Records from a dataset
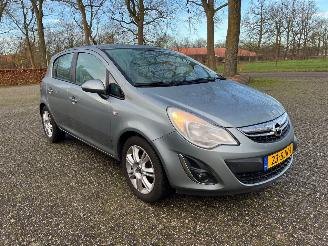 skadebil auto Opel Corsa 1.2i Edition Automaat 2011/10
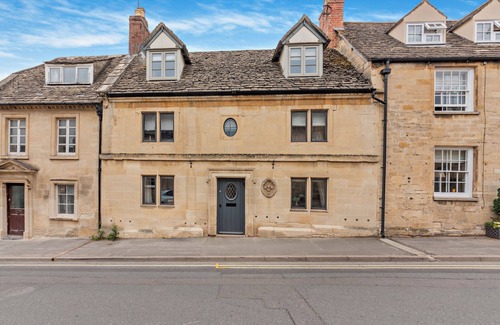 Winchcombe Cottage | Stylish dog friendly cottage in the Cotswolds - Fleur de Lys
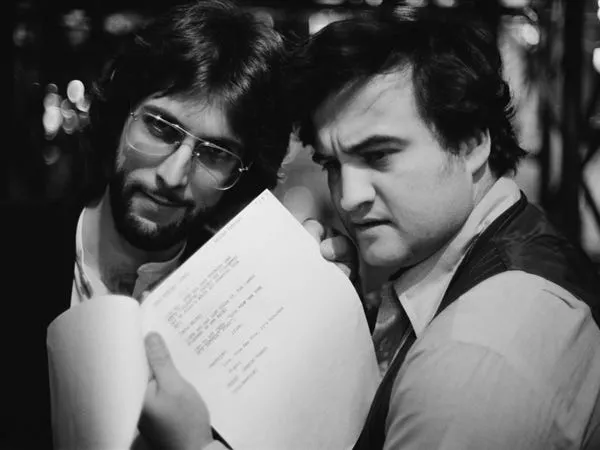 Stephen Bishop y John Belushi en 1978. Michael Putland/Getty Images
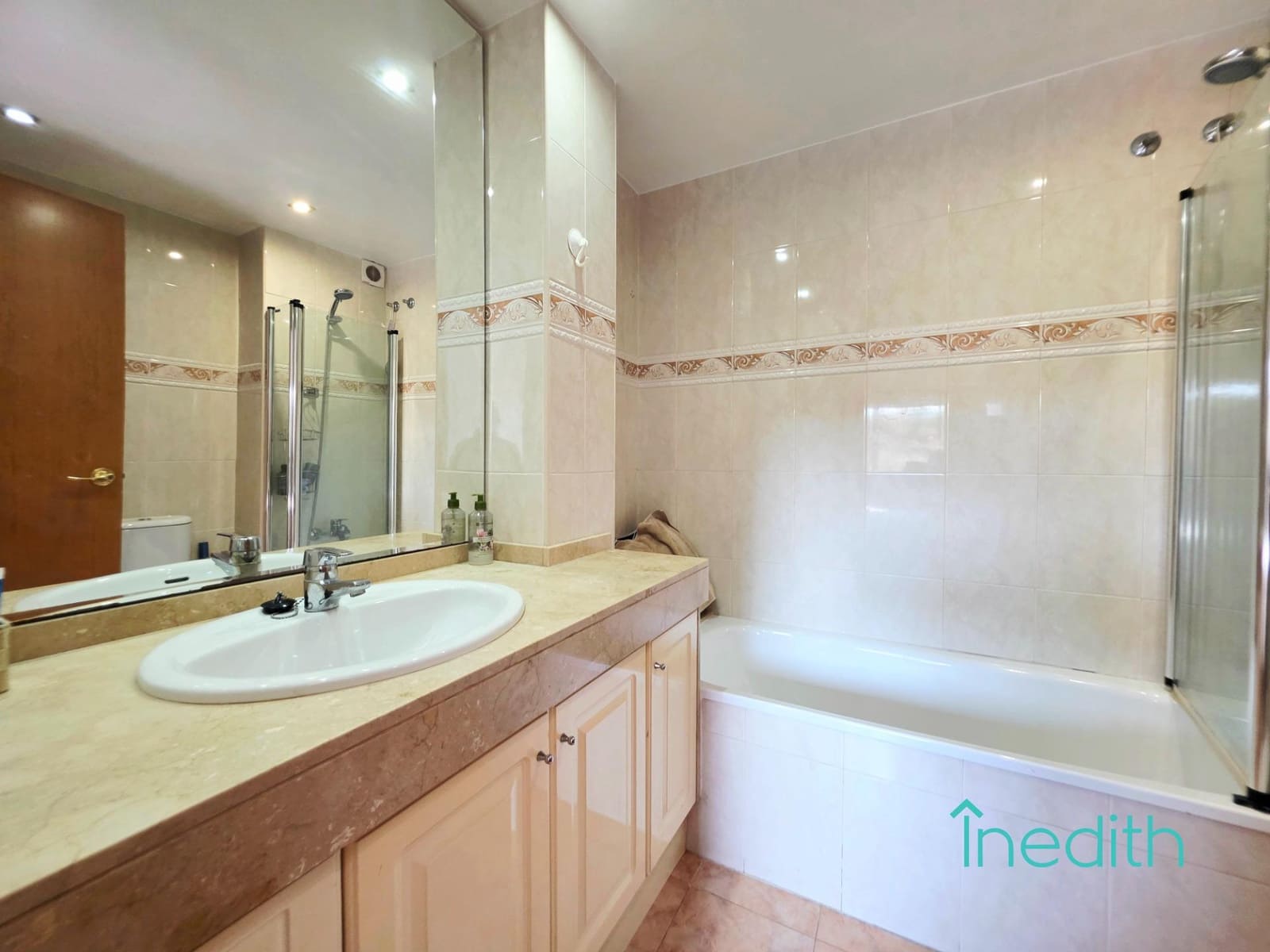 4 makuuhuone Asunto myytävänä paikassa Castelldefels mukana 
autotalli - 530 000 € (Ref: 9596339)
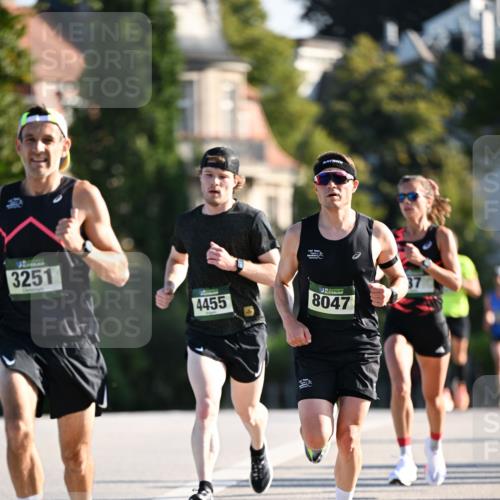 01.09.2024 - BARMER Alsterlauf Dr. Thomas Lammeyer http://msf.ph/oto/6887502 01.09.2024 09:20:33 Laufen 3251, 4455, 8047 meine-sportfotos.de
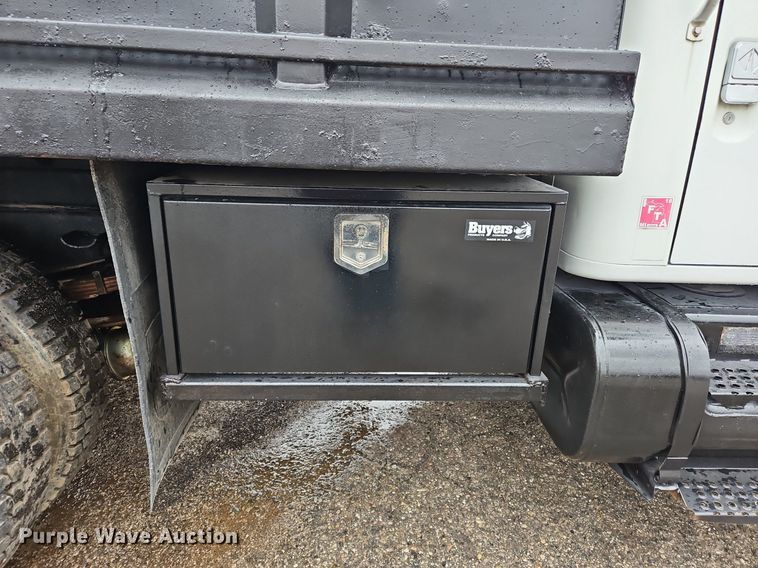 image for item OK9840 1993 International  4600 dump truck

_WORK TO COMPLETE_
The task calls for repeating each line above exactly while excluding the pictures.

_TASK SOLUTION_
 skadebil auto Opel Corsa 1.2i Edition Automaat 2011/10
 Winchcombe Cottage | Stylish dog friendly cottage in the Cotswolds - Fleur de Lys
 Stephen Bishop y John Belushi en 1978. Michael Putland/Getty Images
 4 makuuhuone Asunto myytävänä paikassa Castelldefels mukana 
autotalli - 530 000 € (Ref: 9596339)
 01.09.2024 - BARMER Alsterlauf Dr. Thomas Lammeyer http://msf.ph/oto/6887502 01.09.2024 09:20:33 Laufen 3251, 4455, 8047 meine-sportfotos.de
 image for item OK9840 1993 International  4600 dump truck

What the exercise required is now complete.